William Cuthbert Faulkner was an American writer known for his significant contributions to modernist literature through his novels and short stories. His most celebrated works are his novels written around the outbreak of World War II, these include The Sound and the Fury, As I Lay Dying, and Absalom, Absalom!
Unlike his contemporaries, such as Ernest Hemingway who wrote using a minimalist style, Faulkner was known for his experimental writing style in which he paid meticulous attention to details like cadence and diction. Because of his profound content and unique style of writing, in 1949 Faulkner was awarded the Nobel Prize in Literature for “his powerful and artistically unique contribution to the modern American novel.”
However, despite his significant contributions to American literature, Faulkner is still a controversial figure in history due to his seemingly mixed messages on race. In person, Faulkner was an acute racist who openly opposed desegregation, supported lynch mobs, and lamented the South’s defeat in the Civil War. Yet, in his work, particularly in his novels, Faulkner seemed to acknowledge the atrocities of slavery and lamented not the South’s loss in the war but its devastation in the aftermath.
Growing Up in the ‘Lost Cause’ Era
Born in 1897 in Mississippi to an upper-middle-class family, Faulkner grew up hearing stories about the Civil War, slavery, and the Ku Klux Klan. These stories included tales about Confederate “heroes” like Faulkner’s own great-grandfather and namesake, William Clark Falkner, who was enshrined as a family legacy in Faulkner’s home.
One could tell from how Faulkner spoke about political issues at the time that his childhood influenced him deeply, especially regarding matters surrounding Reconstruction and race. Faulkner grew up using racial slurs and thoroughly opposed what he referred to as “compulsory integration” of the South by the North.

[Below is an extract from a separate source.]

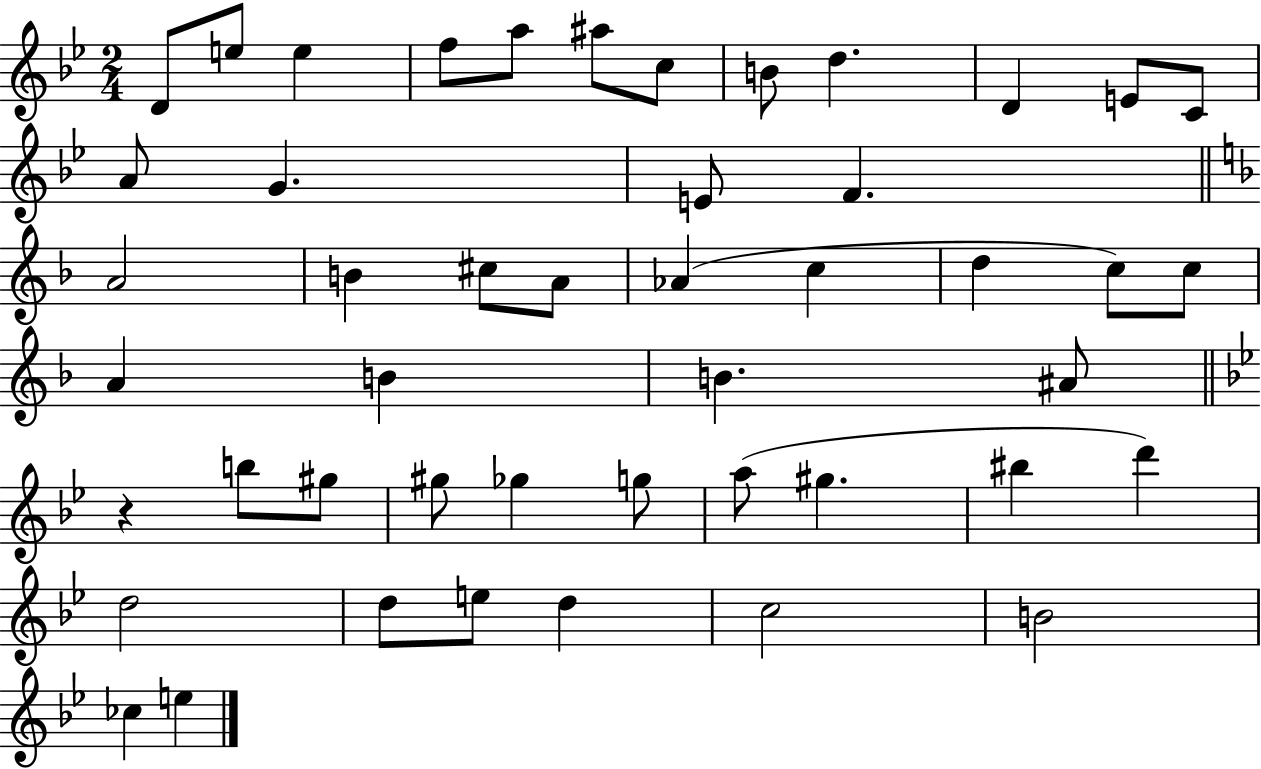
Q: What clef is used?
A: treble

In letters and articles written to various magazines, Faulkner often cautioned desegregation advocates to “go slow now,” and wrote about he longed for the return of slavery in the form of a “benevolent autocracy” in which “Negroes would be better off because they’d have someone to look after them.”
These letters written by Faulkner are horrible in themselves, but his most scandalous comments come from a handful of drunken interviews given to the press.
After decades of obscurity, around the 1950s, Faulkner became a relatively sizable literary celebrity and was therefore sought after by journalists looking for comment on the recent desegregation efforts by someone with a Southern perspective.
In a drunken interview in 1956, when asked about federally mandated desegregation, Faulkner disturbingly stated there would be another civil war and he knew which he would fight on.
“If it came to fighting,” he said, “I’d fight for Mississippi against the United States even if it meant going out into the street and shooting Negroes.” This interview came around the time the federal government began deploying him as an international ambassador for democracy and human rights.
Mixed Signals
After this interview, Faulkner later disavowed these statements, and while this certainly does not condone what he said, it definitely reveals Faulkner’s long history of giving mixed messages when it comes to race and the Civil War. This sort of white Southern guilt comes out more in his works, particularly his novels.
For example, Faulkner’s novels The Sound and the Fury and Absalom, Absalom! both feature the Compson family, descendants of a fallen plantation aristocracy who are so obsessed with the past that they are doomed to constantly repeat it. Faulkner’s depiction of the Confederate forces fighting also has a sense of repetition and loss, and not necessarily the glorification you would see in a Southern history textbook.
Faulkner, in his writing, also did not stray away from the atrocities of slavery, including sexual violence. Whereas other “plantation fiction” novels simply alluded to the sexual exploitation of Black women that resulted in children who were themselves enslaved, Faulkner’s Absalom, Absalom! and Go Down, Moses feature it as the main plot of the novels as he explores these “shadow families.”
Of course, some speculate Faulkner did not use themes such as these out of genuine want to help reveal the horrors of slavery, and rather in an attempt to relieve his guilt.
Whatever the case may be Faulkner’s, hypocrisy concerning such matters are evident in both his speech and his writing as he constantly had to walk back whatever thing he said or wrote.
So, is William Faulkner a racist? Yes, absolutely. But, his mixed and complicated feelings on issues of race make themselves known in his writing, though that’s no consolation whatsoever.
As Casey Cep from The New Yorker says, “It’s too late to cancel Faulkner; he already canceled himself.”